For drones to make decisions in flight and operate autonomously, they need to be trained on any and all objects and data they may encounter.
Austin-based startup Alegion, a leader in data training and supervised machine learning, leverages AI software with human intelligence to analyze drone video footage to properly categorize images and train the drone to recognize real-world features in flight, such as aircraft, buildings, topography, landing sites, and much more.
As the industry continues to grow, drones will increasingly need to process the data that drives AI effectively in order to correctly identify objects and capture relevant data when flying overhead.
We talked to Alegion’s CEO, Nathaniel Gates, to get a deeper understanding of what Alegion is doing to ensure this happens.
Can you start by telling us more about how you got into AI and what about it ignites your interest?
Alegion has been providing crowdsourcing automation since 2012. Over this period of time, we have seen a transition in customer use cases from general business automation to artificial intelligence training. In 2016 Alegion made a strategic move to build software exclusively to that end. I am fascinated and motivated by the imperative necessity of human interaction in developing and improving artificial intelligence.
In a nut shell, what is ‘deep learning’? How does this differ from simpler forms of ‘AI’? How important is good data to training an effective AI?
Deep learning involves very large neural networks and very large training data sets. In theory, ‘supervised learning’ (a form of training) causes deep learning algorithms to continually improve their ability to estimate the ‘right’ answer to a specific problem. Training involves presenting the deep learning model with example questions along with the right answers.
Deep learning works best when models are exposed to a huge number of example questions and correct answers (which are sometimes referred to as ‘ground truth’ results).
While in theory everything works out, a deep learning model will learn to estimate whatever ‘right answers’ are in the training data it is provided. If the examples are bad or the answers are actually wrong, then the deep learning model will learn the wrong things.
What is Alegion’s unique approach to tackling the complexities of training AI?
Alegion uses both human and machine intelligence to provide high quality training data for AI and ML models. Alegion leverages a network of thousands of trained supervisors that provide accurate data labeling for a variety of AI customer initiatives. Additionally, Alegion uses artificial intelligence to initially process the data and recommend optimal solutions. When coupled with Alegion’s AI, the human workers become ‘super trainers’ that are capable of providing ground truth data at near unlimited scale.
What are the implications for industry making increasing use of AI trained IoT devices and machines?
As more and more discrete systems become connected and intelligent, the impact on industry will be absolute. Previously non-integrated systems will now collaborate to provide the best possible outcome. As most recently seen in the Internet revolution, every facet of every industry will leverage AI in a drive towards greater efficiency. A new AI economy will arise, just as the internet economy, offering new products and services built on the shoulders of this new enablement.
What are the potential applications, and problems AI such as this can solve? How has Alegion’s AI training specifically been applied to the field of UAVs?
The UAV market is a natural early adopter of AI integration.
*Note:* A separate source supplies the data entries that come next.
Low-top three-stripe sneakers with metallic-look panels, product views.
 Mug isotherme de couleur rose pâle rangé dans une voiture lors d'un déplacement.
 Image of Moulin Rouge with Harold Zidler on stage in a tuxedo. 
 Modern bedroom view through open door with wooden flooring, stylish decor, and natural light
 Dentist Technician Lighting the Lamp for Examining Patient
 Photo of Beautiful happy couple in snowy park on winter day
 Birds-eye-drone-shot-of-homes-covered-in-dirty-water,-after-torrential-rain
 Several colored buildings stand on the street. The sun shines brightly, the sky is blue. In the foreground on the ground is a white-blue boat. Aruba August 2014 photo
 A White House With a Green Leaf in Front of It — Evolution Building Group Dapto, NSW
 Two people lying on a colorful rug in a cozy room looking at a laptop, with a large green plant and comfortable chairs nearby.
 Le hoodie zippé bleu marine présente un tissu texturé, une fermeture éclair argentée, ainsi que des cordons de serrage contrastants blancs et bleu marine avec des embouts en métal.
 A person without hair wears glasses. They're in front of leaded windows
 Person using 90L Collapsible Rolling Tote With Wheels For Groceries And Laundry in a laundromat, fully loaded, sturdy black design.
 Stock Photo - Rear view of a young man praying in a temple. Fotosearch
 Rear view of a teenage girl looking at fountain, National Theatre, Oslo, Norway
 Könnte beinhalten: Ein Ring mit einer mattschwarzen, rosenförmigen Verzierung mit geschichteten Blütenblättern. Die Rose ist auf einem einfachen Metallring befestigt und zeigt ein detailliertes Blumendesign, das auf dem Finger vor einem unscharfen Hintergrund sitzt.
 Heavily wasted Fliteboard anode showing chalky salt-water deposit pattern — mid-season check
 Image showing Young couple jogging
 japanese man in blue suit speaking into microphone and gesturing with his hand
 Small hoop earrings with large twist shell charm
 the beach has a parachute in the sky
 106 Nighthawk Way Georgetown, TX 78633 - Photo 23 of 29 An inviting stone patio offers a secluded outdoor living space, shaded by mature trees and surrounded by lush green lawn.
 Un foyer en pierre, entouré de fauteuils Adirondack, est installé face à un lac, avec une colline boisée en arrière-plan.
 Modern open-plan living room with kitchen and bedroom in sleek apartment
Presently, UAVs are able to capitalize on systems such as obstacle avoidance, gps, prescribed constraints to execute the most efficient route. Soon, these vehicles will be directly interacting with other discrete AI systems to dramatically increase utility and efficiency. Industrial drones will communicate continuously with other intelligent systems such as corporate dispatching AI for instructions and tasks, regional transport authorities, weather systems, and even other UAVs to ensure coordination and prioritization of all transport events.
Alegion is presently working on a number of UAV initiatives for our customers. These initiatives include Computer Vision training for object identification and classification with the goal of training drones to understand what they are seeing. This gives the UAV the ability to make local decisions as data becomes available. For example, a drone can decide where to drop off a package based on a real time visualization of the scene.
If you could say one thing to a potential customer to convince them of how Alegion’s technology will help them streamline workflow and data processing, what would it be?
Alegion can increase the confidence in your AI and ML models by provided high quality, on-demand, supervised training data, at any scale.
What’s in the future for Alegion?
Alegion is paddling hard to catch the coming AI wave. We plan to continue serving as a bridge between human and artificial intelligence while providing a marketplace for machines and humans to leverage each other’s resources.
Final word on the future of AI?
About Nathaniel Gates, CEO of Alegion
Nathaniel Gates is career technology worker and entrepreneur focusing on the Cloud Computing and Cloud Labor spaces. Nathaniel co-founded Alegion in 2012 and now serves as its CEO and an industry evangelist. Prior to Alegion, Nathaniel founded Cloud49, a successful cloud computing solutions provider focused on the public sector. Nathaniel has a passion for providing next generation work opportunities to people around the world who demonstrate a willingness to work hard for themselves and their families. Nathaniel lived and worked in Alaska for 36 years prior to moving to Austin, Texas with his family in 2012. Nathaniel greatly enjoys this warmer climate with his wife Wendy, and their three children Caleb, Titus, and Lauren.